Dengan perasaan gusar, aku pun memasuki lift. Entah mengapa, perasaanku jadi tak enak.
Di lift itu, aku melihat keberadaan salah satu petugas kebersihan. Kulemparkan senyum canggung, yang dibalas senyum ramah oleh wanita paruh baya itu.
“Kok masih sepi ya, Bu? Tumben.” Aku mengajaknya mengobrol. Dia pasti lebih tahu karena jadwal petugas kebersihan jauh lebih awal daripada para pegawai lainnya. Pukul setengah enam pagi mereka sudah harus berada di sini.
“Lho? Mbak nggak tahu? Pak Danendra kan lagi keliling ke setiap divisi kantor.”
Rasanya seperti tersambar petir. Kakiku mendadak lemas.
“Ibu nggak bercanda?”
“Buat apa, Mbak, saya bercanda? Kan kemarin sudah diumumkan kalau seluruh karyawan diharapkan datang tiga puluh menit lebih awal daripada biasa. Soalnya menurut bos yang baru, masuk pukul setengah delapan itu kesiangan.”
Sial! Mengapa pengumuman itu tidak sampai ke telingaku? Dan mengapa rekanku yang lain tidak memberi tahu? Aku benar-benar ingin menangis sekarang.
Saat lift berdenting membuka di lantai tujuh, aku buru-buru pamit kepada ibu pekerja kebersihan itu dan berlari secepat yang kubisa ke ruanganku. Sialnya, Divisi Keuangan berada di ujung lorong terjauh.

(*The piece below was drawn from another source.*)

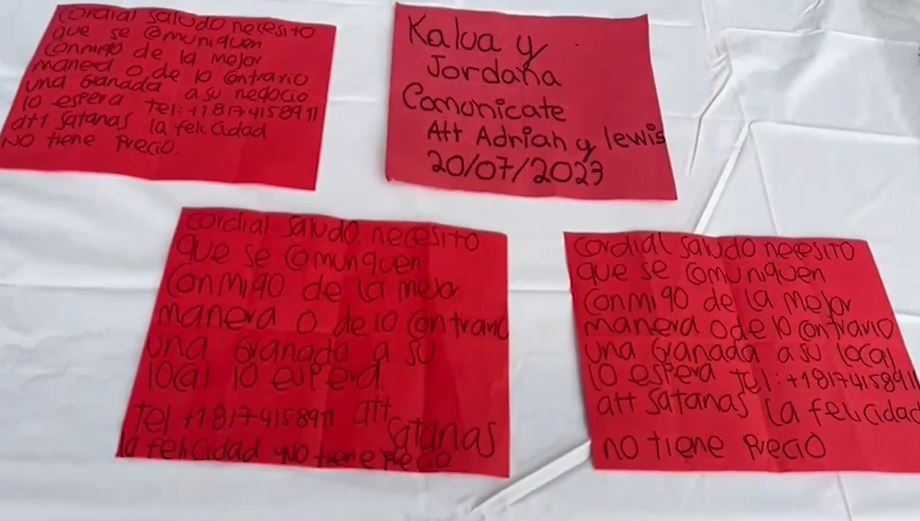 Estos son los mensajes que guardaba alias Abraham en su domicilio.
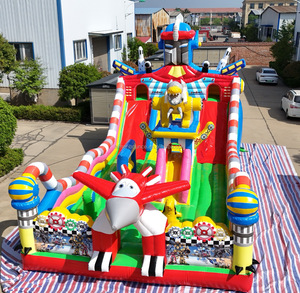 Tobogán Acuático Inflable de Grado Comercial Personalizado con Obstáculos para Niños y Adultos, Fácil de Instalar, Alquiler para Negocios, PVC - Product Image 5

Jika si Bos Gila memulai pengecekan dari Divisi General Affair, maka aku bisa dikatakan luar biasa terlambat karena menurut urutan struktur organisasi perusahaan, divisiku berada pada urutan ketiga setelah General Affair dan Personalia.
Kupercepat lariku. Meski sadar nasi sudah menjadi bubur, aku tetap berusaha. Aku yakin si Bos Gila sudah sampai di ruangan Divisi R&D atau bahkan Divisi Produksi—aku tak peduli. Mengingat ini sudah hampir pukul setengah delapan, artinya pemeriksaan langsung oleh si Bos Gila sudah dimulai sejak dua puluh lima menit yang lalu!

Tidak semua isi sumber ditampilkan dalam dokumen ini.